なお、本作品は、アガサ・クリスティーが執筆した長編としては、第27作目に該り、エルキュール・ポワロシリーズの長編のうち、第18作目に該っている。
「杉の柩」の原題である「Sad Cypress」は、イングランドの劇作家 / 詩人であるウィリアム・シェイクスピア(William Shakespeare:1564年ー1616年 → 2023年5月19日付ブログで紹介済)作の喜劇「十二夜(Twelfth Night, or What You Will → 2023年6月9日付ブログで紹介済)」(1601年 / 1602年頃)の第2幕第4場に出てくる歌詞が由来となっている。
なお、「十二夜」の副題は、「御意のままに」となっている。
Come away, come away, death,
And in sad cypress let me be laid;
Fly away, fly away, breath;
I am slain by a fair cruel maid.
My shroud of white, stuck all with yew,
O, prepare it!
My part of death, no one so true
Did share it.
來をれ、最期《いまは》よ、來をるなら、來をれ、
杉の柩に埋めてくりゃれ。
絶えよ、此息、絶えるなら、絶えろ、
むごいあの兒に殺されまする。
縫うてたもれよ白かたびらを、
縫ひ目~に水松《いちゐ》を挿して。
又とあるまい此思ひ死。
(坪内逍遥訳)
ナショナルポートレートギャラリー (National Portrait Gallery)で販売されている ウィリアム・シェイクスピアの肖像画の葉書 (Associated with John Taylor / 1610年頃 / Oil on panel 552 mm x 438 mm) |
アガサ・クリスティーの原作の場合、婚約中のエリノア・カーライル(Elinor Carlisle)とロデリック・ウェルマン(Roderick Welman)の2人が、見舞いのため、ハンターベリー(Hunterbury)の屋敷を訪れた際、エリノアの叔母で、金持ちの未亡人であるローラ・ウェルマン(Mrs. Laura Welman)が、寝たきりのベッドの中で、上記の歌詞を唱えている。
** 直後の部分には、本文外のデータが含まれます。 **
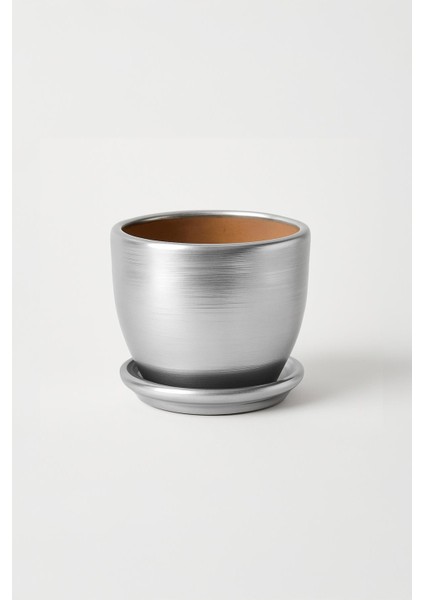 Tabaklı Gümüş Çömlek Saksı 19X19 cm fiyatları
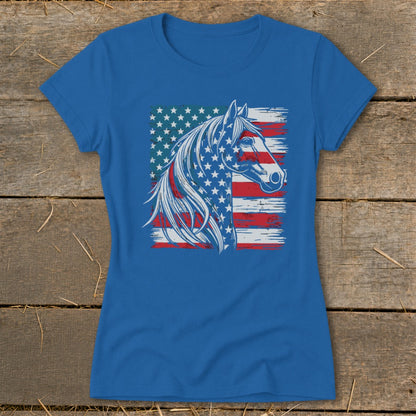 Blue t-shirt with a horse head superimposed on a distressed American flag design.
「Sad Cypress」を直訳すると、「悲しいイトスギ / セイヨウヒノキ」となるが、日本の小説家 / 評論家 / 翻訳家 / 劇作家である坪内逍遥(1859年ー1935年)や日本の英文学者 / 演劇評論家である小田島雄志(1930年ー)が「杉の柩」と訳したため、アガサ・クリスティー作「Sad Cypress」の日本語タイトルについても、「杉の柩」で定着したものと言われている。
ウィリアム・シェイクスピア作「十二夜」の歌詞は、届かない片想いへの嘆きを表しており、アガサ・クリスティー作「杉の柩」の場合、ウェルマン家の門番の美しい娘であるメアリー・ジェラード(Mary Gerrard)に心を奪われて、気持ちが離れていってしまったロデリック・ウェルマンに対するエリノア・カーライルの嘆きを重ね合わせているのではないかと思われる。